MATTARELLA FA IL POMPIERE: DAL NO ALL’INCONTRO COL PD ALLE RASSICURAZIONI SUL GOVERNO
LA VICENDA TORRISI E’ CHIUSA… IL PRESIDENTE SPEGNE LE FIAMMATE RENZIANE SULLA CRISI
C’è un motivo se l’incendio si è già spento. E si è passati dalle fiammate del giorno prima, il “così non si va avanti” di Lorenzo Guerini e Matteo Orfini al “sosterremo il governo di oggi”.
Il pompiere, silenzioso e operoso, è sul Colle più alto. E questa, di per sè, non è una gran notizia.
La notizia è che, mercoledì pomeriggio, per la prima volta si è registrato al Quirinale un sincero moto di irritazione e disappunto. È stato quando scomposti propositi incendiari si sono levati dalla selva del Parlamento.
Con i vertici del Pd che chiedevano un colloquio col capo dello Stato, dopo l’elezione di Salvatore Torrisi: “Al Colle, al Colle”, che suonava come un “al voto, al voto”, drammatizzando una vicenda parlamentare che con la tenuta del governo non aveva a che fare nulla.
A ben vedere non solo non è arrivata risposta, ma — col passare delle ore — è stata, di fatto, ritirata da richiesta.
Una fonte molto vicina a Renzi racconta, in modo confidenziale: “Con Mattarella siamo andati a sbattere contro un muro. Ci ha fatto sapere: se mi fate la domanda di un incontro mi costringete a dire pubblicamente di no, quindi ritirate la domanda”. Ecco che, col passare delle ore, il nome del capo dello Stato è scomparso dalle dichiarazioni.
Il perchè, del ragionamento di Mattarella è evidente: il capo dello Stato non si intromette in normali vicende parlamentari, come l’elezione di un senatore di maggioranza alla presidenza della commissione, nè può considerare la sconfitta di un candidato di un partito, o meglio di una mozione, un affare da crisi di governo.
È accaduto che non ha ricevuto i Cinque Stelle che, sempre in relazione a vicende parlamentari urlavano al golpe, è accaduto col Pd, che voleva salire al Colle con lo spirito da cui andò dal notaio per sciogliere il Comune di Roma.
La vicenda ora è chiusa, però dice molto di più. E i parlamentari attorno a Renzi hanno ben chiaro il punto.
Prosegue la fonte che in questi due giorni ha sentito l’ex premier più volte: “La finestra elettorale di giugno ormai è chiusa.

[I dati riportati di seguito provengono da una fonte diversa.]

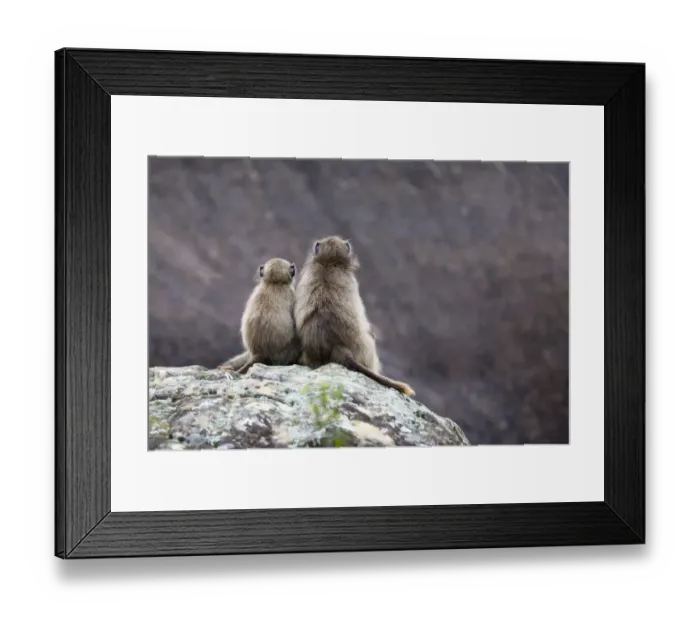 Framed Print : animal themes, baboon, color image, colour image, day, daytime, drakensberg amphitheatre Framed Print : animal themes, baboon, color image, colour image, day, daytime, drakensberg amphitheatre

Renzi ieri si è gasato pensando di poter costruire l’incidente e andare al voto, ma questa roba non c’è più. Il Colle giugno lo ha chiuso. Il punto è che è già in atto in modo riservato un confronto su ottobre”.
Il confronto ruota attorno al termine “abbinamento”, che sarebbe la coincidenza tra il voto in Italia e il voto in Germania.
L’ex premier è convinto che resti la via maestra perchè approvare, in questo quadro politico e parlamentare, è un’impresa e dunque, in qualche modo, va messa nel conto un po’ di instabilità dei mercati, ma poi la manovra la fa un governo in carica.
E se proprio non è il 24 settembre, ottobre va bene lo stesso. Dalle parti del Colle tutta quest’ansia di tornare alle urne non si percepisce, soprattutto — questo resta il punto — in assenza di un sistema elettorale omogeno e coerente.
Che eviti il rischio che, dalle urne, esca una maggioranza alla Camera e una al Senato, rischio insito nell’utilizzo della legge attuale. Fa notare poi più di un costituzionalista di area Colle che la scadenza naturale della legislatura — febbraio — implica lo scioglimento a dicembre, dunque siamo davvero al mese più, mese meno che rende difficilmente comprensibile la fretta. Non solo.
Un’antica sapienza democristiana suggerirebbe di aspettare l’esito delle elezioni tedesche per vedere che clima europeo si produce e a quel punto affrontare le elezioni nazionali.
Resta comunque, al netto di ragionamenti e valutazioni di buon senso, un punto irrinunciabile, tra una secchiata d’acqua su un fuoco e l’altro. Irrinunciabile istituzionalmente. Occorre una legge elettorale.
Altrimenti non si va al voto, ma al caos. Ed è l’unica discussione che non appassiona il Palazzo, e neanche i suoi inquilini più frettolosi (e incendiari).